Transcribe the listing below in full, exactly, with no images.

# Information shown:

☆ ☆ ☆

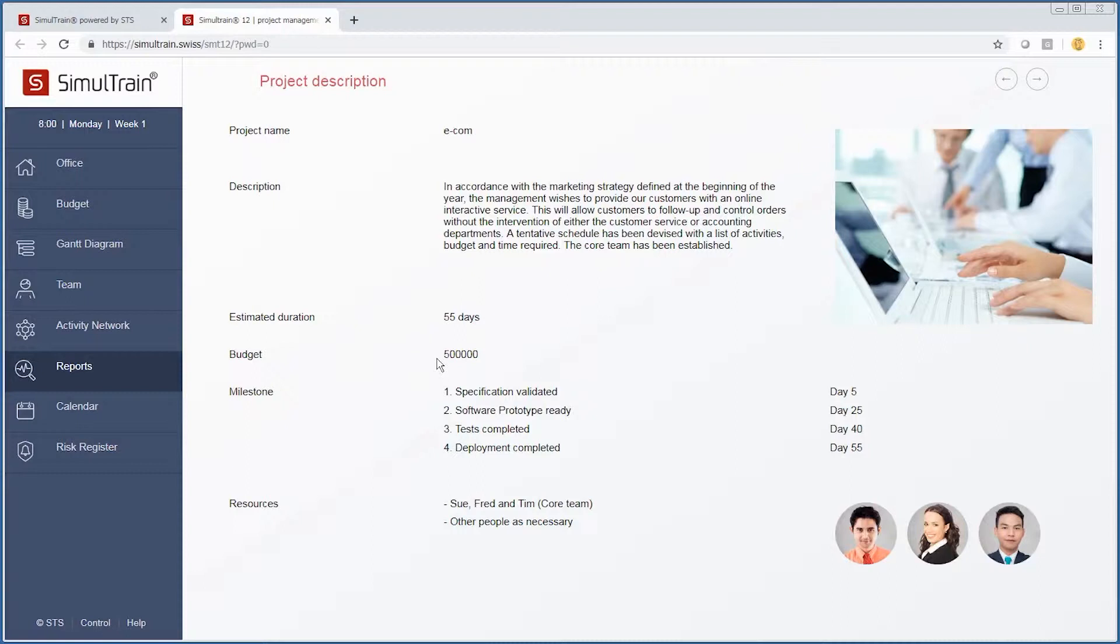This project has an estimated duration of 55 days and we've been given a budget of $500,000 to complete this project. We have four milestones, our core team, and other necessary resources.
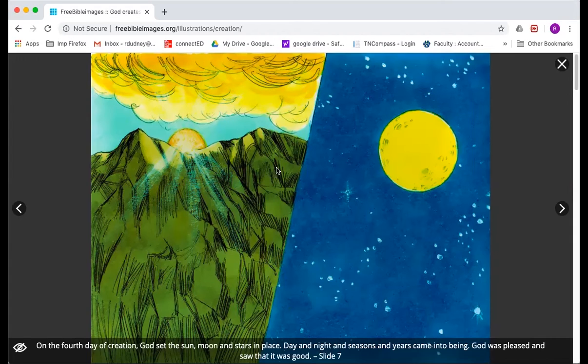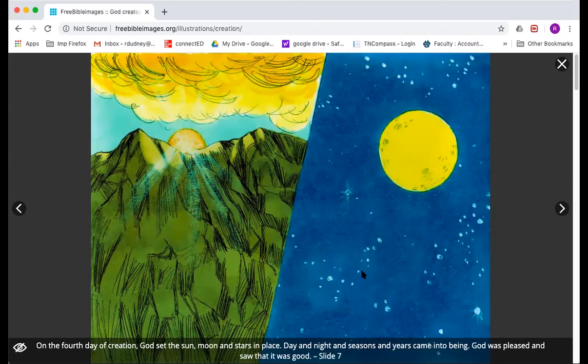We see these beautiful lights in the sky — that would be the sun, and over here would be the moon and the twinkling stars, beautiful sky at night.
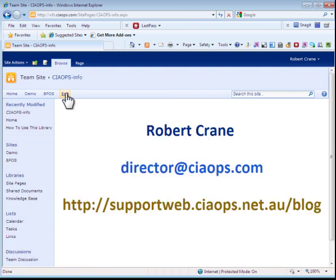Thank you very much for taking the time to watch this video. Please feel free to contact me via email at director@ciaops.com or via my blog at supportweb.ciaops.net.au/blog.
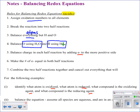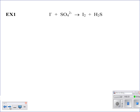Let's do the first two examples on the worksheet. For the first one, let's identify the oxidation numbers — make sure you look carefully at the charges. The first species is I⁻, so the oxidation number of iodine is negative one. For SO₄²⁻, oxygen is minus two, giving a total of minus eight for the oxygens; since minus eight plus sulfur equals minus two, sulfur must be plus six. For I₂, it's a free element so it's zero. And in H₂S, hydrogen is plus one, making sulfur minus two.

☆ ☆ ☆

# Output for this task:
This project has an estimated duration of 55 days and we've been given a budget of $500,000 to complete this project. We have four milestones, our core team, and other necessary resources.
We see these beautiful lights in the sky — that would be the sun, and over here would be the moon and the twinkling stars, beautiful sky at night.
Thank you very much for taking the time to watch this video. Please feel free to contact me via email at director@ciaops.com or via my blog at supportweb.ciaops.net.au/blog.
Let's do the first two examples on the worksheet. For the first one, let's identify the oxidation numbers — make sure you look carefully at the charges. The first species is I⁻, so the oxidation number of iodine is negative one. For SO₄²⁻, oxygen is minus two, giving a total of minus eight for the oxygens; since minus eight plus sulfur equals minus two, sulfur must be plus six. For I₂, it's a free element so it's zero. And in H₂S, hydrogen is plus one, making sulfur minus two.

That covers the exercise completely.